Many Seventh-day Adventists in Samoa are now First-day Adventists. Hundreds who once worshipped on Saturdays are now regularly worshipping on Sundays. This situation has arisen because the denomination's South Pacific Division (SPD) recommended that Samoan congregations ignore the consequences of the local government’s decision to shift the International Date Line to the east of Western Samoa at the beginning of 2012 which caused every seventh day to fall on Sundays.
 
Schism is now rife in Samoa. In order to continue worship on Saturday some members have joined a group that separated from the denomination some years ago. Others are confused or fearful of peer pressure and simply choose to stay at home. A growing group that now numbers about 300 decided to accept the new local calendar, continuing to worship on Saturdays but not uniting with the earlier schismatics. They believe it is indefensible to worship on Sundays despite the shift in the calendar. The vast majority of Samoan Adventists abroad support this latter group. A retired president of the denomination's Samoan Mission preaches at their gatherings.
 
Some SPD leaders have become increasingly annoyed at the level of opposition to their viewpoint. They sent emails to each other urging a ban on Samoan pastors abroad from traveling to Samoa in order to preach against or persuade members against the SPD position. The allegation was that such visitors were destabilising the situation. One message spoke of pastors from Australia and New Zealand visiting their families in Samoa, working on Sundays and worshiping on Saturdays. This “must be stopped” was the request.
 
At great expense the SPD organised meetings with Samoan pastors abroad, first in New Zealand and a short time later in Australia, seeking a written consensus of support. However, most of the pastors refused to sign. Their convictions remained steadfastly with the minority in their homeland who want to worship on the new Saturday. At the meeting in Australia a number of these pastors candidly opposed the SPD position.
 
Courage in the face of SPD administration came from strong feelings of certainty rooted in conscience. The Samoan pastors had read a number of study papers on the Internet that argued the case for practicality; that the Sabbath should always be kept according to the local calendar wherever an individual finds himself in the world.
 
Another meeting was scheduled for August 2, 2013, at SPD headquarters in Sydney.
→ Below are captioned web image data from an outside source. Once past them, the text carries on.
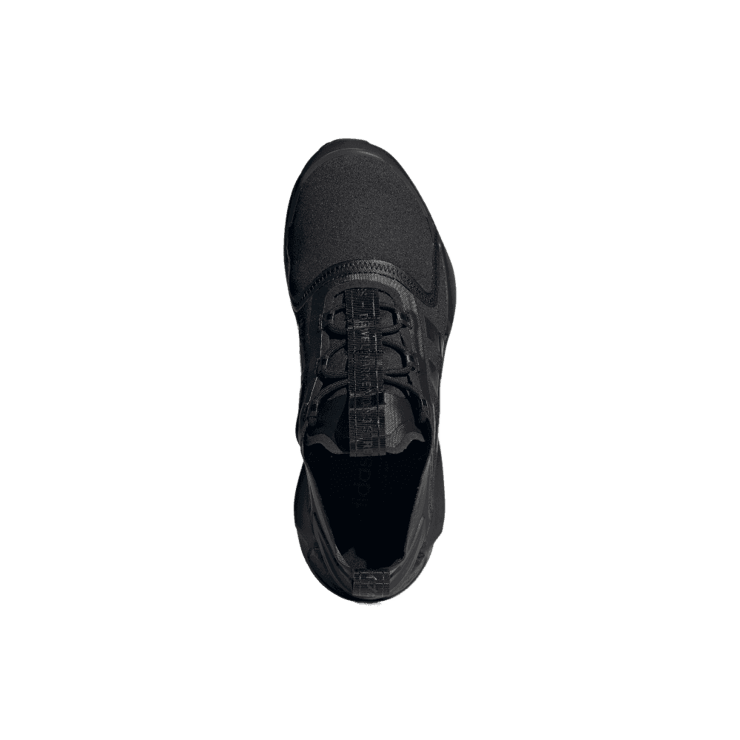 adidas NMD R1 V3 Core Black Angle 1
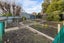 201 Leeston Road, Christchurch - Carousel 35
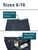 Flat Front Tech Performance Pants -sva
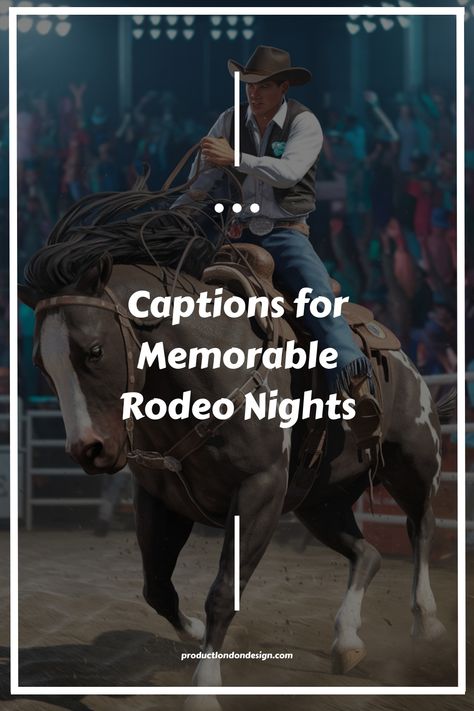 Cowboy riding a bucking horse at a rodeo event. Fun Captions, Twitter Growth, Snapchat Marketing, Social Media Statistics, Youtube Analytics, Youtube Advertising, Pinterest Advertising, Youtube Business, Pinterest Analytics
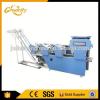 multi-functional pasta noodles making machine product for restaurant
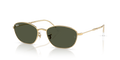 Ray-Ban RB3749  Sunglasses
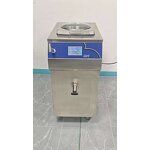 Pasteurization Machine Manufacturer - OEM/ODM 30L 60L Full Automatic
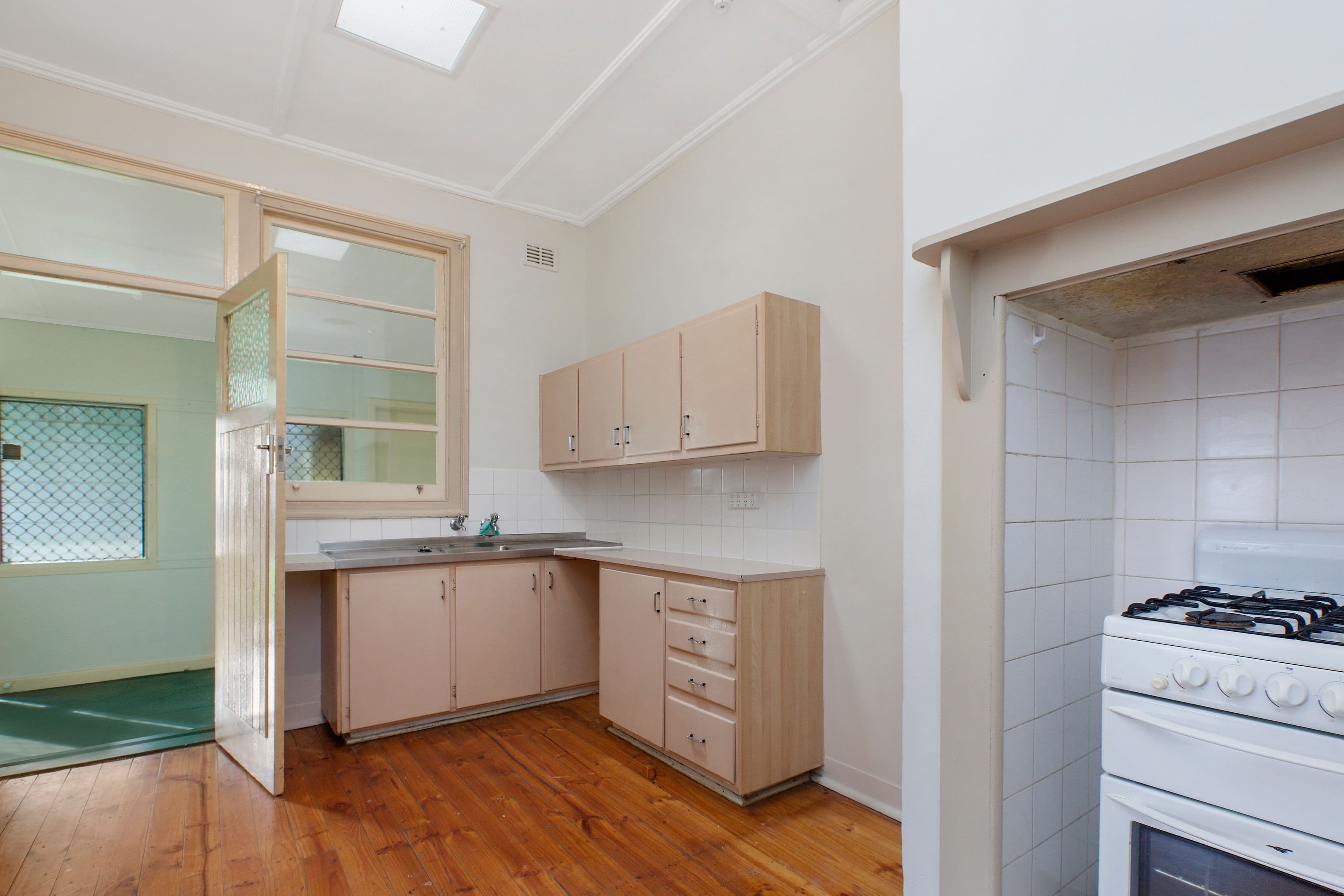 30 Hawkesbury Avenue, Kilburn SA 5084, Kilburn - Thumbnail 6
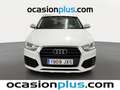 Audi Q3 2.0TDI Sport edition 110kW(4.75) Weiß - thumbnail 17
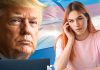 Trump potpisao uredbu o zabrani financiranja promjene spola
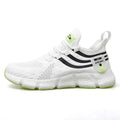 Men Shoes Comfortable Tennis Sport Shoes Men Outdoor Women Sneakers Casual Shoes Breathable Tenis Luxury Shoes Female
The Samoan church president and a member of his executive committee flew in to dialog with the SPD administrators and some Samoan pastors handpicked by the Division president. The most important outcome of the meeting was a decision to allow a small group of Samoan pastors from Australia and New Zealand to go to Samoa and discuss the issue, a reversal of the earlier effort to ban such visits.
 
To date there is no apparent change in the resolve of the Saturday-keepers in Samoa. The reality is that, over time, their numbers are increasing.
 
The debate is like a juggler’s bag of tricks. Mention of the Saturday Sabbath prompts some to pull out Romans 14:5. This is not helpful because neither party accepts Paul’s tolerant stance. Instead, both sides of the argument believe they are worshiping on God’s mandatory Sabbath. One side believes it occurs on what is now Sunday according to the current Samoan calendar, the position taken by the SPD. The other side has the view that the Sabbath falls on the Saturday according to the present Samoan calendar.
 
Others describe complex arguments about the International Date Line. The only biblical demarcation line is “evening/morning." On a round earth it is ever-changing and, relative to longitude, is usually skewed. But when this line was included in the creation story there was no mention of the spherical nature of the earth or provision for world travellers.
 
The debate is rife with quasi-intellectualism and riddled with legalism, which is divisive and tragic. There is much to be gained by religious communities worshiping on the same day. For those who wish to worship on the seventh day of the week, the most practical approach is to consult the local calendar.
 
The SPD leadership told Samoan Adventists to ignore the change in the local calendar in order to maintain a seven-day cycle. The SPD would not tolerate the one-off omission of one day when the Samoan government shifted the International Date Line. It is a strange anomaly that the same SPD administrators, whenever crossing the line themselves to visit America, do not keep to a personal seven-day cycle. Instead, they fall in line with the local American calendar.
 
Early Adventist missionaries from America crossed the International Date Line to arrive in Australia in the nineteenth century and then adopted the local calendar. They reverted to the American calendar when they returned home. Precedent is not an infallible guide, but the fact remains those missionaries followed common sense. Everyone does it. The General Conference president does it when he travels the world and so do the SPD administrators. Those who wrote the study papers advocating that Samoan Adventists worship on Sunday abide by the local calendar when they travel. All Samoan Adventists who leave their homeland and cross the International Date Line to visit or settle in another country adopt the local calendar. The policy guarantees harmony.
 
Most of the Adventists in Samoa have gone along with the SPD decision, but a minority at the time had a visceral sense that something was amiss. They felt their Adventist identity was robbed of its character. Those who had, in the past, been members of Sunday churches and converted to the Seventh-day Adventist Church were mortified because their church, in the eyes of their local community, now advocated what they once rejected as non-biblical.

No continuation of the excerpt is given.